I have mixed feelings about this book. Leo ended up being a character I loved (though I was indifferent to most of the others) and one particular twist was brilliantly executed. Krauss’s writing style, however, did not particularly resonate and I often felt frustrated by how long it took to reorient to the narrator, setting, and time period with each new chapter. If you enjoy literary books about books, this might be one to try.
I also finally finished a book I’ve been wanting to read for several years and had planned for Nonfiction November–just in time for the film. I love that the movie is bringing even more attention to Just Mercy and the work of Bryan Stevenson.
Underland journeys into some of the earth’s deepest, most unimaginable spaces. Macfarlane travels around the world to spaces including natural caves, mines, urban caverns, research labs, and nuclear storage facilities, as well as to forests and glaciers, exploring their roles both in the beginning of human time and their imagined roles many millennia in the future. He manages to evoke both claustrophobia and a dizzying sense of the vastness of time and space all at once, as he asks the question: “Are we being good ancestors to the people of the future?”
Macfarlane’s prose can veer toward overdone, but in most cases it’s justified: the places he visits are truly awe-inducing, and contemplating their roles in the past, present, and future of the world is mind blowing. So this book did require some patience on my part, but as I settled in with it–because it is not a fast read–each chapter was more fascinating than the last.

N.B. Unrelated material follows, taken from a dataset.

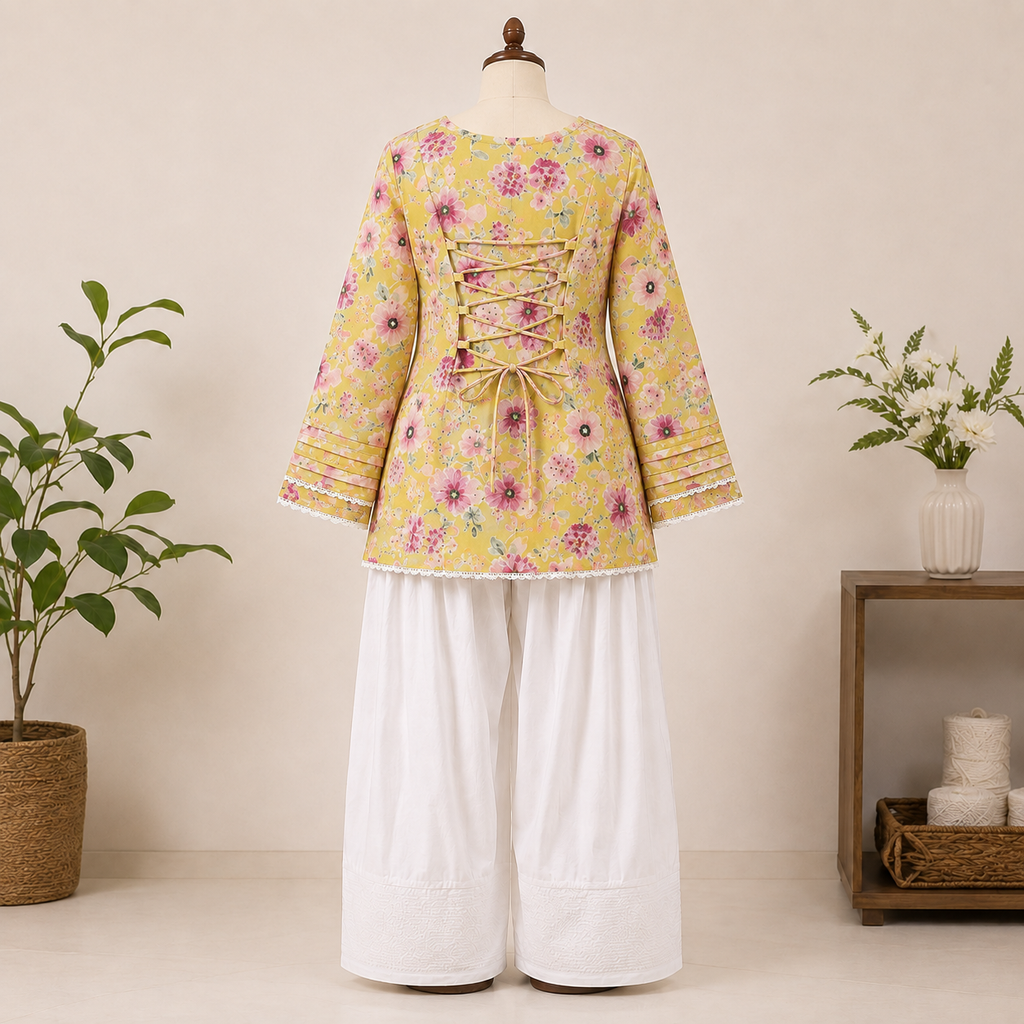 Pure Cotton Farshi Suit With Designer Back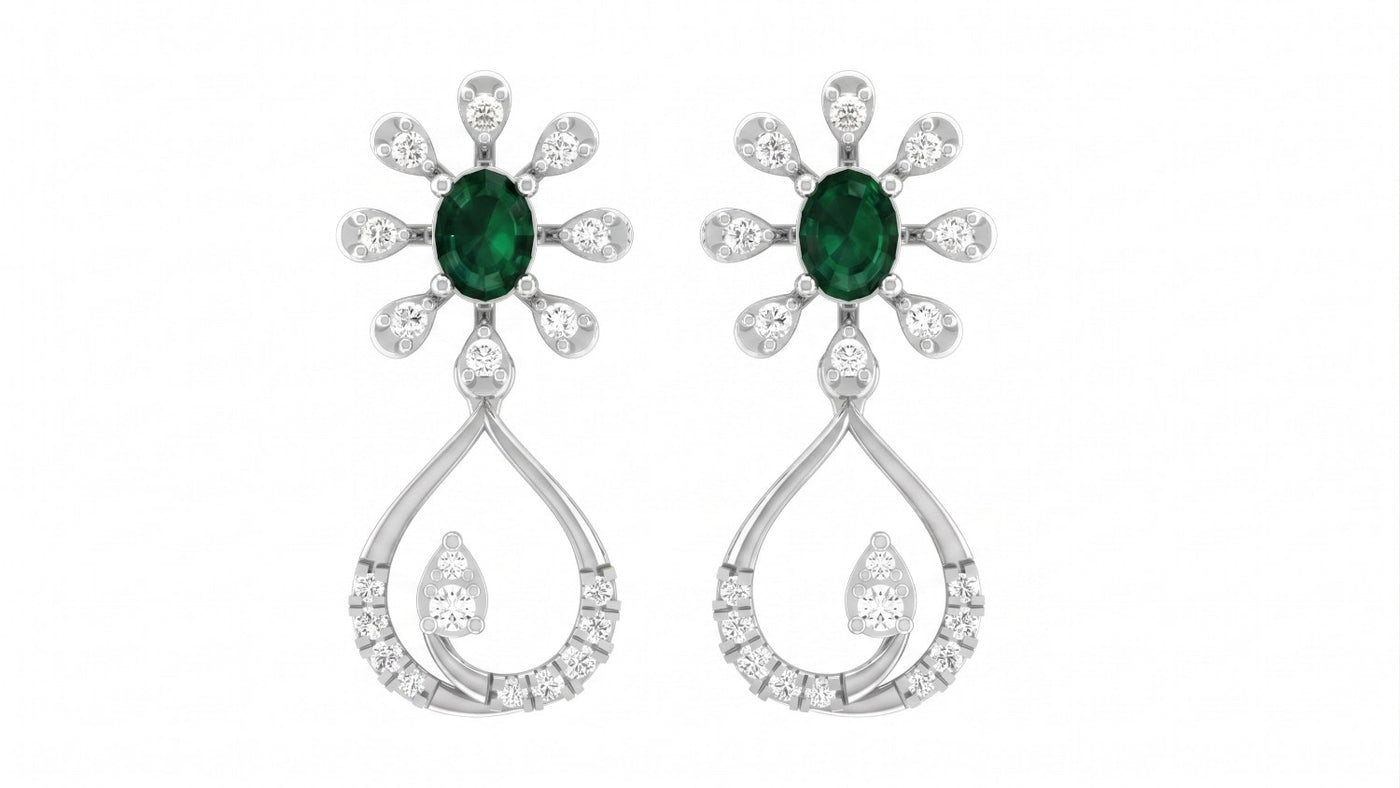 White gold and diamond drop earring with gemstone on a white background.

Just Mercy is Bryan Stevenson’s memoir about his early years as a young lawyer when he founded the Equal Justice Initiative, which defends death row inmates, the poor, and others trapped by an unjust criminal justice system, including children. Stevenson recounts numerous cases in which he is stonewalled by a system stacked against his clients, bound by red tape, and filled with corruption.
I was enthralled by Stevenson’s story–his relentless dedication in such frustrating, impossible circumstances, as well as the cases and often horrifying lives that some of his clients were sentenced to, even when they were children or almost certainly innocent.
January 2020 Audiobook Reviews
I loved Jane Harper’s 2019 novel The Lost Man, so I knew I wanted to try out some of her previous books that others had also raved about. In a small town in Australia, Aaron Falk has returned for the funeral of his best friend, Luke, and Luke’s wife and son. It appears that it was a murder-suicide, but Aaron has a hard time believing that’s true. As he investigates, secrets both past and present come to light.
This was a gripping mystery, and Harper uses the Australian landscape and culture of the farms and small towns to full advantage. My only complaint was a little trouble keeping the various characters straight on audio, but the narrator was excellent if you’re able to listen carefully.
Fifteen-year-old Ana’s mother sees one path for their family to get to America from the Dominican Republic in 1965: Ana’s marriage to Juan Ruiz. With little English and few skills, Ana is isolated at the mercy of Juan, who is unfaithful and sometimes cruel. When he returns to the Dominican Republic for several months, she begins to dream of a new kind of life for herself, with Juan’s brother Cesar. But she must make a decision when her family’s dreams of joining her become reality.
I appreciated Ana’s story and felt her isolation and desperation. Audio was maybe not the right format for this one–it felt overlong and the story was too internal for my listening taste. I did love the interview with author Angie Cruz at the end, who described how her own mother’s story and New York’s Dominican community inspired her to write this book.
What are you reading and loving this month?